Equations Reducible to Quadratic Equations
Some higher-degree or non-linear equations can be transformed into a standard quadratic equation in one variable by performing appropriate algebraic manipulations or substitutions.
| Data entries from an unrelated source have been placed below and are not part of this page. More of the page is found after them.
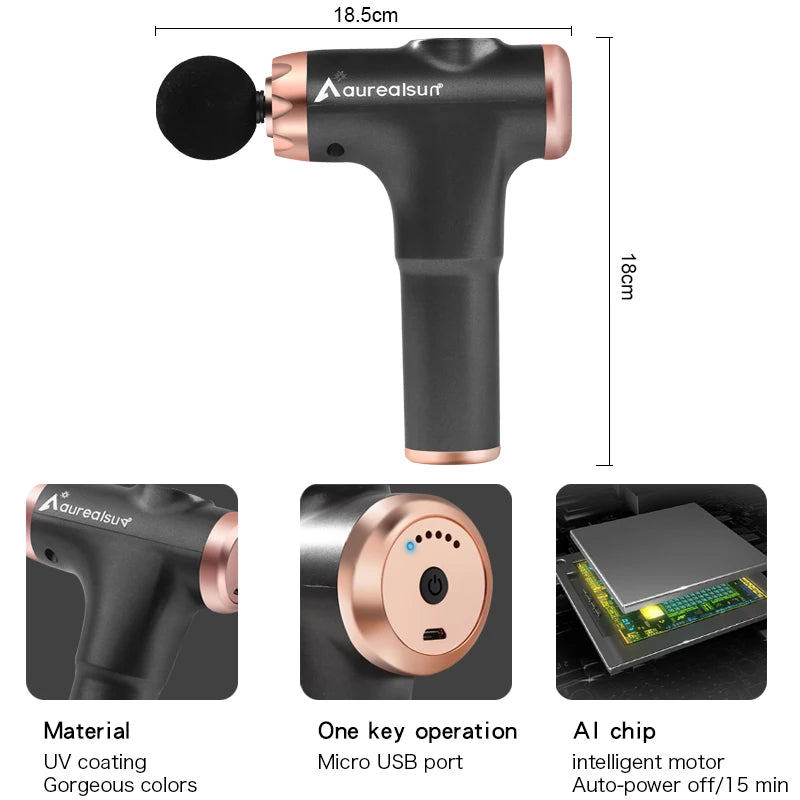 Electric Massager Gun 4 Heads Massage Stick Masajeador Deep Muscle Stimulator Relax Antistress Body Saude Cellulite Massage Gym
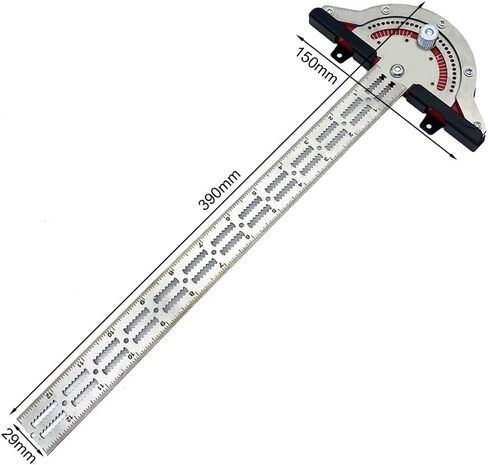 Protractor Angle Finder, 13 inch Woodworking Edge Ruler 0-70°Adjustable Multi-Function Angle Measure Tool Stainless Steel Carpenter T Square, T Rule with Wall Hanging Storage Rack in Saudi Arabia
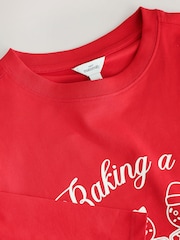 Red Maternity Long Sleeved Christmas Gingerbread Graphic T-Shirt - Image 3 of 4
1) Equations Involving the Product or Quotient of Polynomials:
An $n$-th degree polynomial equation in one variable has exactly $n$ roots (which may be real or complex).
Example:
Find the solution set of the equation $x^4 – 3x^3 + 2x^2 – 6x = 0$.
\[
x^4 – 3x^3 + 2x^2 – 6x = 0 \Rightarrow x(x^3 – 3x^2 + 2x – 6) = 0
\]
\[
\Rightarrow x\left[x^2(x – 3) + 2(x – 3)\right] = 0
\]
\[
\Rightarrow x(x – 3)(x^2 + 2) = 0
\]
\[
\Rightarrow x = 0 \quad \text{or} \quad x – 3 = 0 \quad (\text{since } x^2 + 2 \neq 0 \text{ for real numbers})
\]
\[
\Rightarrow S = \{ 0, 3 \}
\]
Example:
Find the solution set of the equation $(2x – 4)(x^2 – 2x – 2) = 0$.
\[
(2x – 4)(x^2 – 2x – 2) = 0
\]
\[
\Rightarrow 2x – 4 = 0 \quad \text{or} \quad x^2 – 2x – 2 = 0
\]
Using the quadratic formula for the second part:
\[
x_1 = 2 \quad \text{or} \quad x_2 = 1 + \sqrt{3} \quad \text{or} \quad x_3 = 1 – \sqrt{3}
\]
\[
\Rightarrow S = \{ 1 – \sqrt{3}, 2, 1 + \sqrt{3} \}
\]
Example:
Find the solution set of the equation $ \displaystyle \frac{x^3 – 2x^2 – x + 2}{x^2 – x – 2} = 0$.
\[
\frac{x^3 – 2x^2 – x + 2}{x^2 – x – 2} = 0 \Rightarrow \frac{x^2(x – 2) – (x – 2)}{(x – 2)(x + 1)} = 0
\]
\[
\Rightarrow \frac{(x – 2)(x^2 – 1)}{(x – 2)(x + 1)} = 0
\]
From here, we find the roots of the numerator while ensuring the denominator is not zero:
\[
(x – 2)(x^2 – 1) = 0 \quad \text{and} \quad (x – 2)(x + 1) \neq 0
\]
\[
\Rightarrow (x = 2 \text{ or } x = \pm 1) \quad \text{and} \quad (x \neq 2 \text{ and } x \neq -1)
\]
Thus, $x = 2$ and $x = -1$ are excluded as extraneous solutions (they make the denominator zero).
\[
\Rightarrow S = \{ 1 \}
\]
QUESTION 4
Let $m$ be a non-zero real number.
\[
\frac{mx^3 + (2 + m)x^2 – x – 3}{x – 1} = 0
\]
Given that this equation has exactly two distinct real roots, what is the sum of these roots?
\[
\text{A) } 0 \quad
\text{B) } -1 \quad
\text{C) } -2 \quad
\text{D) } -3 \quad
\text{E) } -4
\]
Solution:
Since the numerator is a third-degree polynomial, it has three roots. For the rational equation to yield exactly two real roots, one of the numerator’s roots must match the root of the denominator, thereby canceling out.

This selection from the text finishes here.